Boreas Pass: 11 493ft / 3505m. It has been 7.5 hours since I left town, the sun was just setting and I was happy. I didn't have to do this. I didn't have to be here. There was a good highway paralleling Boreas Road, or even my initial plan to cycle the West Coast - that would have been much warmer. But yet, there is no other place I'd rather be.
No other place I'd rather be except somewhere warm. Ken's cabin was left open! It would have been a cold and windy night outside.
Day 6(50mi/80km): Canyons and tailwinds
Today I am headed toward Colorado Springs where I'll meet the man who built my wheels: Chris Murray, take some well earned rest, bike repairs and thanksgiving.
After a short walk-a-bike section I was finally able to ride. I met a ranger observing a herd of elk and he suggested that I take a different highway to Colorado Springs.
I ran into a Mexican cycling from Durango to the Grand Canyon - he, as well as me was surprised to see another cyclist on the road.
Day 7(55mi/88km): Colorado Springs
Ever since the iceroads in Arctic Canada where I received a lot of help from Sister Fay (Tuktoyaktuk) and Pastor Paul (Fort McPherson) I promised myself that I will attend church. It was Sunday and there was service at Lake George, while thinking about it I saw the sign which read: "Thanksgiving meal Noon till 2:00". Throughout the whole experience I couldn't help but see this gathering as a big family getting together.

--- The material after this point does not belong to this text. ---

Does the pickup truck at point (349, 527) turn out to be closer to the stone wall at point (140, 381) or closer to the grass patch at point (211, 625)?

Somebody said a prayer for me and I was on my way: belly full and ready for that storm that's brewing.
I thought this would be boring but with the storm, getting flat in the dark and a glorious downhill ride into Colorado Springs it was all I asked for!
A Band of rest days
Deadhorse was on the operating table, having a big overhaul. The divide had eaten through my chain, BB rings and rear cassette. The disc brake inner adjustment was melted together (Probably coming down Galton Pass in Canada) and that round object (bottom right) is indeed the derailleur cog!
The Pizza Hut All-you-can eat miniadventure
Today was the day to strike gold at the lunch buffet but first I took out Chris's fatbike (Borealist - Echo) for a spin, starting at sunrise.
On my way down I saw two guys pushing their bikes up, one of them tells the other "That's what you need."
I was rolling too fast to stop and tell them that the snow doesn't get any better than this. Haha! Suckers!
Sadly the Pizza hut was closed, it was Thanksgiving after all. After a great dinner we went out to see the black friday sale at walmart. It apparently starts the eve of thanksgiving now and it would be another extreme adventure: PEOPLE DIE OUT THERE!!!
In the rush to leave for Alaska, while making the rough draft of my first video (see link on main page), I forgot to render an entire chapter. Here it is, picks up right after I left Whitehorse for the second time and traded my studded tires for a new derailleur & chain. Only to find myself riding on British Columbia's largest Lake: Atlin, two days later.
(There are plans to make a documentary for Alaska, as well as The Great Divide)
After a brief visit to Garden of the Gods park it was time to take the 1-hour Dizzydrome challenge. Video below (it's a bit too long but I was still dizzy while making it!). If you are feeling heroic be sure to check out the 1-hour uncut version!!!
The bike was finally tuned up. Thank you Chris, Fixie Dave, Borealis Bikes and the guys at SRAM who gave me another BB7 rotor and a lifetime supply of brake pads. Jessica for the great thanksgiving dinner. The guys from Eureka tents who have been helping me all along the way and now sent me a second sleeping bag to tackle those -30C nights.
...and all of those whom I've met along the way.
With winter in full swing it was time to hop off the Divide. Although beautiful, there are a lot of amazing national parks, backroads and cool towns to explore!